Le passage en question.

Dans celui-ci, le jeu propose en guise de flashback un simple fichier image qui semble surtout avoir été oublié par mégarde en attendant d’être remplacé par un fichier vidéo. Si cette erreur est surtout le résultat de conditions de production bien particulières (on y reviendra), cela ne gâche en rien son potentiel risible. Outre cet extrait, le jeu souffre de graphismes et d’un design daté, à peine sauvé par son aspect cartoonesque et d’un gameplay extrêmement répétitif et sans idée. Le tout vendu à un prix plutôt conséquent étant donné le résultat final.

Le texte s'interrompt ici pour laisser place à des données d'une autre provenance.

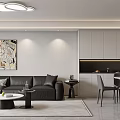 Modern Living Dining Room Interior With Black Sofa Round Coffee Table Artwork And Ceiling Light
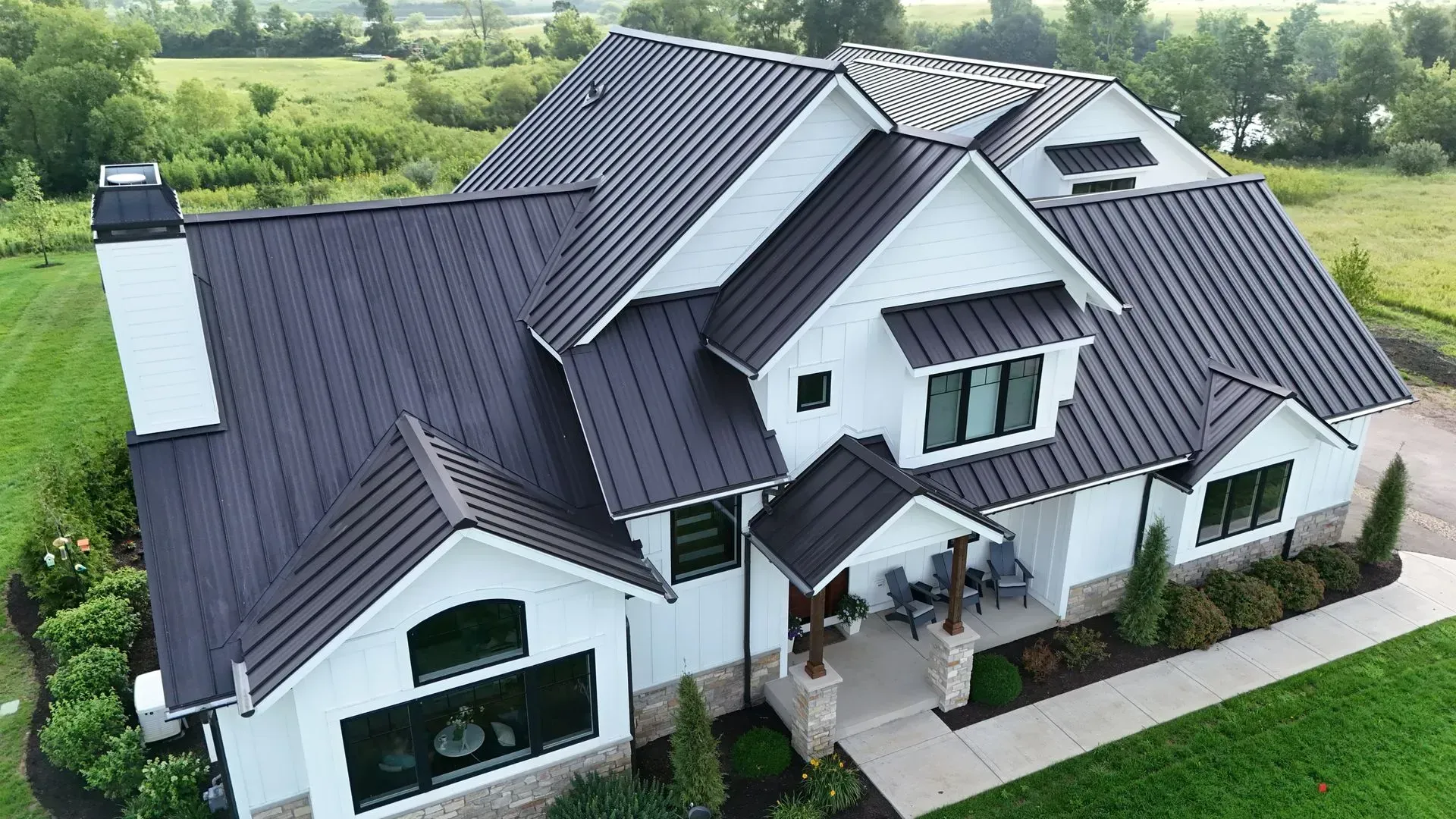 White farmhouse with dark gray metal roof, chimney, and stone accents, set in a green field. Aerial view of a modern white house with dark gray roof and front porch, surrounded by green lawn.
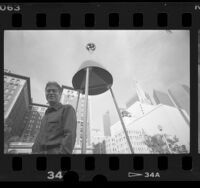 Artist Robert Wilhite with his work "Gyro/Cone" on display in downtown Los Angeles, Calif., 1986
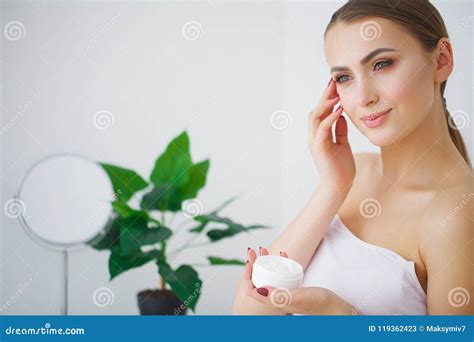 portrait of beautiful woman applying cream on face stock image image of beautiful cheek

Dès lors plusieurs streamers et créateurs de contenu se sont emparés du jeu pour mesurer l’étendue des dégâts et offrir un moment de divertissement à proposer à leurs communautés respectives. Ce plaisir a découvrir et à partager le plaisir que l’on peut éprouver devant une œuvre d’art “ratée” ou “mauvaise” est l’essence même de ce que l’on appelle communément : le nanar. Ou quand le mauvais est si mauvais qu’il devient bon et qu’un autre spectacle supplante le spectacle initialement prévu par les auteurs du film. C’est notamment l’histoire de The Room, nanar culte et également merveille de bizarrerie, réalisé par le tout aussi bizarre Tommy Wiseau. Mais le nanar cinématographique a t-il son équivalent vidéo-ludique ?

Les fans de nanar vous le diront, plus le film est sincère dans sa volonté de bien faire, plus son échec est savoureux à découvrir, car le secret d’un bon nanar réside dans sa sincérité. Nombreux sont les opportunistes qui ont voulu surfer sur la vague du nanar en proposant des films qui reprenaient volontairement les codes du nanar, c’est notamment le cas du studio Asylum.

Le nanar fascine par l’absurdité des scènes qu’il peut proposer et par la fenêtre qu’il ouvre sur l’intimité d’un auteur, souvent passionné de cinéma. Difficile alors d’éprouver du plaisir face à ce qui ressemble surtout à un calcul financier et opportuniste (dans le cas des productions Asylum), jouant sur des codes d’un genre bien souvent méprisé.

Peut-on alors transposer cet état de fait au jeu vidéo ? Existe t-il un Neil Breen du jeu vidéo ?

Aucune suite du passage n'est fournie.